Experience: 1-2 Years
Location: Gurugram
About Us
At Josh Talks, we believe voice will be the primary interface between humans and machines.
Our mission:
- Help machines talk like humans
- Build benchmarks & datasets that power global speech AI
- Drive breakthroughs with high-quality, diverse, real-world data (not just algorithms)
- Today's models sound robotic because they're slow & inaccurate.
- Our goals: <200 ms latency and <5% WER so conversations feel natural.
- We build benchmarks, datasets, and foundational speech models using State Space Models (SSMs) where Transformers fall short.
- We're a small, fast team obsessed with precision; every decision is measured, documented, and shipped with intent.
The Role : Join our Dataset team and help build high-quality speech datasets for ASR across Indian languages.

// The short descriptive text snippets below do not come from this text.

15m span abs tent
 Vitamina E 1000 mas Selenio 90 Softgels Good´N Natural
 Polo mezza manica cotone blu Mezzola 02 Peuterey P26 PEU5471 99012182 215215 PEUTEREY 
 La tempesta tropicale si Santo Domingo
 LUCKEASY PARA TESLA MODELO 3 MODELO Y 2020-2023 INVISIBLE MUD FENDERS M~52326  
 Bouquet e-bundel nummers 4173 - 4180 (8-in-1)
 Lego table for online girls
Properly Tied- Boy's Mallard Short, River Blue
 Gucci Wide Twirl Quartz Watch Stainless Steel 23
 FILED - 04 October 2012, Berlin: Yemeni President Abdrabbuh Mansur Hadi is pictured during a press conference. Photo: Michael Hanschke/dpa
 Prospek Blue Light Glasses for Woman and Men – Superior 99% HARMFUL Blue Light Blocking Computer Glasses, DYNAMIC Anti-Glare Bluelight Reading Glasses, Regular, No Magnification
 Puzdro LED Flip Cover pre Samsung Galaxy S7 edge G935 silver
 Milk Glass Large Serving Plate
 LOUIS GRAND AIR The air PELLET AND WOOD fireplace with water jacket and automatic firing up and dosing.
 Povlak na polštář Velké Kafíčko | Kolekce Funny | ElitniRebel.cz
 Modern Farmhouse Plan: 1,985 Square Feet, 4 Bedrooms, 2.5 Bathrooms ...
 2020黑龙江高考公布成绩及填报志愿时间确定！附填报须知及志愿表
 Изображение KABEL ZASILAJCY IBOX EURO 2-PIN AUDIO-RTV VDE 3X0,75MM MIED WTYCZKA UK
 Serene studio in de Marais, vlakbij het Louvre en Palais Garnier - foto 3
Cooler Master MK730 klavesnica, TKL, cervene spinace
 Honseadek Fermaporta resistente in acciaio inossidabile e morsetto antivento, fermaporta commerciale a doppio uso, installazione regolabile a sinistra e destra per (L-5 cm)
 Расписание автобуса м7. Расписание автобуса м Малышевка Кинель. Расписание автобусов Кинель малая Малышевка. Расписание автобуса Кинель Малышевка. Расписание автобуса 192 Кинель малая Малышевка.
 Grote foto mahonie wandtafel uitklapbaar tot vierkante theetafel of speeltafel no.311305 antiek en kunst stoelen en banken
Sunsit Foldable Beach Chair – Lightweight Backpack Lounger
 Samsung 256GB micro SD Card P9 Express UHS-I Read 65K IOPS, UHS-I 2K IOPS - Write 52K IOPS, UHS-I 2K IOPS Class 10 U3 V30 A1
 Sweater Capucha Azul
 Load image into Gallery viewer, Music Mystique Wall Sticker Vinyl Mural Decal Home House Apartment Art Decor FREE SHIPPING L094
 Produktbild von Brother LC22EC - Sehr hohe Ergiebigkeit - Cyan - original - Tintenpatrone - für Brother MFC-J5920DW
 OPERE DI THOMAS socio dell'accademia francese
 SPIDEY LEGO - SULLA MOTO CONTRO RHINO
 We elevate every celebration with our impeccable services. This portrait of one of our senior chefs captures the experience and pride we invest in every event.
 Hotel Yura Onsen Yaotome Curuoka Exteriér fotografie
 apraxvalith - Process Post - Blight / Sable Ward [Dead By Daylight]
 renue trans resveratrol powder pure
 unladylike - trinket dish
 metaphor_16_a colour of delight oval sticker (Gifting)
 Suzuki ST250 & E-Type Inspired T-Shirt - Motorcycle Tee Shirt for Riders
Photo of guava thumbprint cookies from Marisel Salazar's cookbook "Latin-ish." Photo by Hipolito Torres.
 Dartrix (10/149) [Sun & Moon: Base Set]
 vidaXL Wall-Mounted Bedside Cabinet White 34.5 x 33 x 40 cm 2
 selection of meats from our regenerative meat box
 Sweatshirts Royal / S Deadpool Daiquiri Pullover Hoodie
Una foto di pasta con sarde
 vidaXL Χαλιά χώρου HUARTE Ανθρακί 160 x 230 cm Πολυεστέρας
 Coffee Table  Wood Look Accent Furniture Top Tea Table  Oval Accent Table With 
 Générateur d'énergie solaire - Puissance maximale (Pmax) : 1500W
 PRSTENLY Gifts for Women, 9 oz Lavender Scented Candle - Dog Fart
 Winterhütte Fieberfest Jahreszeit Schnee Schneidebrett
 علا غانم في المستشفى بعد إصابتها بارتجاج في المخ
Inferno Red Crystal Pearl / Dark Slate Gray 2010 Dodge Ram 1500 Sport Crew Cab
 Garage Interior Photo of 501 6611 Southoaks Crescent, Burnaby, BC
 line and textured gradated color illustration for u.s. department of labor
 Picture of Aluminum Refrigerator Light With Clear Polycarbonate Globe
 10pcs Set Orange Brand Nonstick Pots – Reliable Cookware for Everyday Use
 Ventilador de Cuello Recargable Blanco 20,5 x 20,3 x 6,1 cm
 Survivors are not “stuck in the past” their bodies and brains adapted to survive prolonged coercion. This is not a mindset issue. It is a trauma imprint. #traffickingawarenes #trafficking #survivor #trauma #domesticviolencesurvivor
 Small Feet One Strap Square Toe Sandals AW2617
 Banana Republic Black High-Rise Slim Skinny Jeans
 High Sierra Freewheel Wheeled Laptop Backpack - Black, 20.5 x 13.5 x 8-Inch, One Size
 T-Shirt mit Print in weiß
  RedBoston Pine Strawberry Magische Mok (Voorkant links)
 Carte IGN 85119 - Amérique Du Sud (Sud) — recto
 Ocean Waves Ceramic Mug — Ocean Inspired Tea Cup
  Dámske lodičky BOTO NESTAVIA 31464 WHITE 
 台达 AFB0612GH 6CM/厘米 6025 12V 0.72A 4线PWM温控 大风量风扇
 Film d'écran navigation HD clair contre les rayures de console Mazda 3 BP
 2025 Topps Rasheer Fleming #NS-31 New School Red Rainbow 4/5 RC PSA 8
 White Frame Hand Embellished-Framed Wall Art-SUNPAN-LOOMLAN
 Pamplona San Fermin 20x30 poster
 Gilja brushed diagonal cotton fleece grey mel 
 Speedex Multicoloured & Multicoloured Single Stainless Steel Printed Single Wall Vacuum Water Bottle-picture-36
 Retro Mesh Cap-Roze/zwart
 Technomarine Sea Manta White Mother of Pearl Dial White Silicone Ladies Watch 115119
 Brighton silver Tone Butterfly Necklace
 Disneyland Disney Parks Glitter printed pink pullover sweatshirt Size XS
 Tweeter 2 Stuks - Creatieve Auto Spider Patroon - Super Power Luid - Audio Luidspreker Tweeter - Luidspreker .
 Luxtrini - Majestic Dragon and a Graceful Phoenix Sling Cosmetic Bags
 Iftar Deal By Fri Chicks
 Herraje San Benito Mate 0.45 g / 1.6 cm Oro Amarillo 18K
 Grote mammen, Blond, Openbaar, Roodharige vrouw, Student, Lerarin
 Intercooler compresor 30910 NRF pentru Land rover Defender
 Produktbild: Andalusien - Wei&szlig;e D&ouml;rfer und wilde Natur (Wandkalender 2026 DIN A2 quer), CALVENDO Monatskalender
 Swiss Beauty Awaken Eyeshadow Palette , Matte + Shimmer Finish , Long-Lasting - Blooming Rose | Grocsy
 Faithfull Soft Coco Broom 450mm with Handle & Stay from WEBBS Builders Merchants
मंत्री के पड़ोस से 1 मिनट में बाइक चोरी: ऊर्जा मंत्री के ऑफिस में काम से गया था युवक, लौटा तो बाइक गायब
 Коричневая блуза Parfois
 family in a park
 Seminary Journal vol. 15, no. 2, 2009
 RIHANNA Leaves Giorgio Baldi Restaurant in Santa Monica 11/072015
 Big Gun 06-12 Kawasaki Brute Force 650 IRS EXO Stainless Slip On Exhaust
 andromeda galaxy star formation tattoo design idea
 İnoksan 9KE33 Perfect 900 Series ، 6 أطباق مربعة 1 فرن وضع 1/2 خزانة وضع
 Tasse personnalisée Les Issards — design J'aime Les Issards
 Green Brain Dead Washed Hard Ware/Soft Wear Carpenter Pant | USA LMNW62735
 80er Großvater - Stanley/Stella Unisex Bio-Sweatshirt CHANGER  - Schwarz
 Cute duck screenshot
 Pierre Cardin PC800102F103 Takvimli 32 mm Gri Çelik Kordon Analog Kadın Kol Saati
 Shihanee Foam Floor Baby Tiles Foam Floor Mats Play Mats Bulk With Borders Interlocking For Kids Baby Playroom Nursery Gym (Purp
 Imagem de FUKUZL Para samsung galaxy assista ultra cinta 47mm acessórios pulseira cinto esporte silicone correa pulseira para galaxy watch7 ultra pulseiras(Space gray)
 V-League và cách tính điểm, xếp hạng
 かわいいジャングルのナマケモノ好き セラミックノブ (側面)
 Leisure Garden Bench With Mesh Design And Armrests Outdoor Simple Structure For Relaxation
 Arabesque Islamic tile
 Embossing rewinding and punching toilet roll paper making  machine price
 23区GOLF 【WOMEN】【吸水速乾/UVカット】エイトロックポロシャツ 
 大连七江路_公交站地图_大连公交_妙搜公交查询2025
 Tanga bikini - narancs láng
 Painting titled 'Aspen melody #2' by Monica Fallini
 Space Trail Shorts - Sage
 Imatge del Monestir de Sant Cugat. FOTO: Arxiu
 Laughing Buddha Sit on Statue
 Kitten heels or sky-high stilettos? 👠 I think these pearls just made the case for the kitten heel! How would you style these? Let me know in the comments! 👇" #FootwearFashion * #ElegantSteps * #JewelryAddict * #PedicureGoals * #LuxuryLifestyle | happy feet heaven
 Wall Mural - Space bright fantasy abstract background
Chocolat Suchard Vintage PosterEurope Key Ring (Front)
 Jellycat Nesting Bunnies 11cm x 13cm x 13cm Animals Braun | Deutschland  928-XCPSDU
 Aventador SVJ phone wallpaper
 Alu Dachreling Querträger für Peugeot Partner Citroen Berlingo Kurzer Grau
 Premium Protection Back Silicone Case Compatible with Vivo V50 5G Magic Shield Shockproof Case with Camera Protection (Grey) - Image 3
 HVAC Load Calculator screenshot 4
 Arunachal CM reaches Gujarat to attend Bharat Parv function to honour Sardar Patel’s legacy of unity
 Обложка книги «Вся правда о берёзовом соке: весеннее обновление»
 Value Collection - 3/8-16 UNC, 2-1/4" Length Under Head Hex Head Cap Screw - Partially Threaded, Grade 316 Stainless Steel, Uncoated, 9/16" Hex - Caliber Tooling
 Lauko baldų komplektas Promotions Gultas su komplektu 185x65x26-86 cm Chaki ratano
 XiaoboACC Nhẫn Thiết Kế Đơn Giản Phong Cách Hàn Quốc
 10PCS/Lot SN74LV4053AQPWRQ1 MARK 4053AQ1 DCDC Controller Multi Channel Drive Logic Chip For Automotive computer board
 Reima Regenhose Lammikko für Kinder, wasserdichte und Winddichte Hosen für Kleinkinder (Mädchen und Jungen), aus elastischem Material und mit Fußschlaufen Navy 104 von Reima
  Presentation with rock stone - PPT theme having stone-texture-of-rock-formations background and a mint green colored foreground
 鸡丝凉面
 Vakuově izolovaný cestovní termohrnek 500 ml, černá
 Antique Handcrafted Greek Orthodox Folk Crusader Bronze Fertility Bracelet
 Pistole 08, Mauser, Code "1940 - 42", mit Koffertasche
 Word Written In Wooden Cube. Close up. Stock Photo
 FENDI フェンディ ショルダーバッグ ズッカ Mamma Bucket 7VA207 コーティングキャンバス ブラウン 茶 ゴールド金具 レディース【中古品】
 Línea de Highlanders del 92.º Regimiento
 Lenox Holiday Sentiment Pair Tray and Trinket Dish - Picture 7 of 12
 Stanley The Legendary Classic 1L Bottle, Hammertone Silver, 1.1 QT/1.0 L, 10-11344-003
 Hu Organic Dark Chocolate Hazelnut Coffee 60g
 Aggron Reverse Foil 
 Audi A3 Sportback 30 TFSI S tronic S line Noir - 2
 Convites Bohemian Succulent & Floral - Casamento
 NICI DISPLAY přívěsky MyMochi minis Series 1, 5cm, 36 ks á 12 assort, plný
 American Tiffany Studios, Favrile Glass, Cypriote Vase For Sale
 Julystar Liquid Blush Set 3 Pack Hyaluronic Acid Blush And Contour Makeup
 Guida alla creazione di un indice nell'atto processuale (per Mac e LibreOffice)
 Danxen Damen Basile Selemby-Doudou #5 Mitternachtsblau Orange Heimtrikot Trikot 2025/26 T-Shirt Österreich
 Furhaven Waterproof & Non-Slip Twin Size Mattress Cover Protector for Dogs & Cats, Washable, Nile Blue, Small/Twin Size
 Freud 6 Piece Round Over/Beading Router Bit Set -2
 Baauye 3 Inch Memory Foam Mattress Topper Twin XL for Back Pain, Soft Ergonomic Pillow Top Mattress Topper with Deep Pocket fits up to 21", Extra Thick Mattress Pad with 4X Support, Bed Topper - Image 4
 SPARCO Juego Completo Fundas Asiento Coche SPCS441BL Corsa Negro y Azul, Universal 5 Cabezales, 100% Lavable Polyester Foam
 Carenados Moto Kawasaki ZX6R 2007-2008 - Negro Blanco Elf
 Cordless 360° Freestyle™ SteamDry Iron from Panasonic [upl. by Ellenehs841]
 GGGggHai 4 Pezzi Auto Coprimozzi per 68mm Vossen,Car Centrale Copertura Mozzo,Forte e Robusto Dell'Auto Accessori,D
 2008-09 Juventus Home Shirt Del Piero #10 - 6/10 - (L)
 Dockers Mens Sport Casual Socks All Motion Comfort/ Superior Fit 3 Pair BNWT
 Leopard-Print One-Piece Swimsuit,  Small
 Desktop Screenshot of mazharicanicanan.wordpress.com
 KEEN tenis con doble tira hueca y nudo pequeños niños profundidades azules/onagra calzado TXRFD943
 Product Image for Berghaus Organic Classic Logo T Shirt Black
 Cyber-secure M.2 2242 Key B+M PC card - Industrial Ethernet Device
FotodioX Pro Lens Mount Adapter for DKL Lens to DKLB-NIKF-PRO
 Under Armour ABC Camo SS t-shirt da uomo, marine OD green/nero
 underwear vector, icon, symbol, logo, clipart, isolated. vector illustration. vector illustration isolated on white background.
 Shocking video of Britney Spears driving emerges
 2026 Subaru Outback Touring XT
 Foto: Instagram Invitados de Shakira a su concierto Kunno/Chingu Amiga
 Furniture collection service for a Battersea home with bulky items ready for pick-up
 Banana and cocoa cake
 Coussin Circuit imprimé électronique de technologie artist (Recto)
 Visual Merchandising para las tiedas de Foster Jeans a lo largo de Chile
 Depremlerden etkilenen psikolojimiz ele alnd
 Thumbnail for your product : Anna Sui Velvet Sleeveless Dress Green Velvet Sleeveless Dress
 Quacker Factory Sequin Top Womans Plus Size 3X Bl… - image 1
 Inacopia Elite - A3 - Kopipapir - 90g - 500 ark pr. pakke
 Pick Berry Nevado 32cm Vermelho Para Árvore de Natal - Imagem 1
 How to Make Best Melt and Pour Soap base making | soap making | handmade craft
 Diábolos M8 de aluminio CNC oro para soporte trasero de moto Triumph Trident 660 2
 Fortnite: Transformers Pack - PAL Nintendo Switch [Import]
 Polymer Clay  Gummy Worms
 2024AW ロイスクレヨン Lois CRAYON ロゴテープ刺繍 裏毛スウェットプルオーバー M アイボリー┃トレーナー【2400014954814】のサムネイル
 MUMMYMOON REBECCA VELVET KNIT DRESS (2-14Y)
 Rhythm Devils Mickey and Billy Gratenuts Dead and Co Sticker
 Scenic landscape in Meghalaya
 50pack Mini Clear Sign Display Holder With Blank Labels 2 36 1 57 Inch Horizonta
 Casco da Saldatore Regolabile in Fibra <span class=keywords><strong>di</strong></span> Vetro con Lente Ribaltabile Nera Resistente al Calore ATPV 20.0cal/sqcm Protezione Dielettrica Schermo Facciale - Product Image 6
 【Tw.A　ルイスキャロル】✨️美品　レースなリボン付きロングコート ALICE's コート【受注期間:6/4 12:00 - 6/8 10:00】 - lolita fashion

This role blends operations + product, with real ownership and scale.
What you'll do:
- Manage speakers, raters, and vendors for large-scale data collection
- Own onboarding, scheduling, payouts, and issue resolution
- Ensure data quality through clear guidelines and QC checks
- Track dataset and quality metrics
- Work with Product & Tech teams to improve data workflows, tools, and dashboards
Who you are:
- Strong in execution, coordination, and communication
- Detail-oriented with a quality-first mindset
- Interested in AI, speech datasets, or product ops
- Indian language familiarity is a plus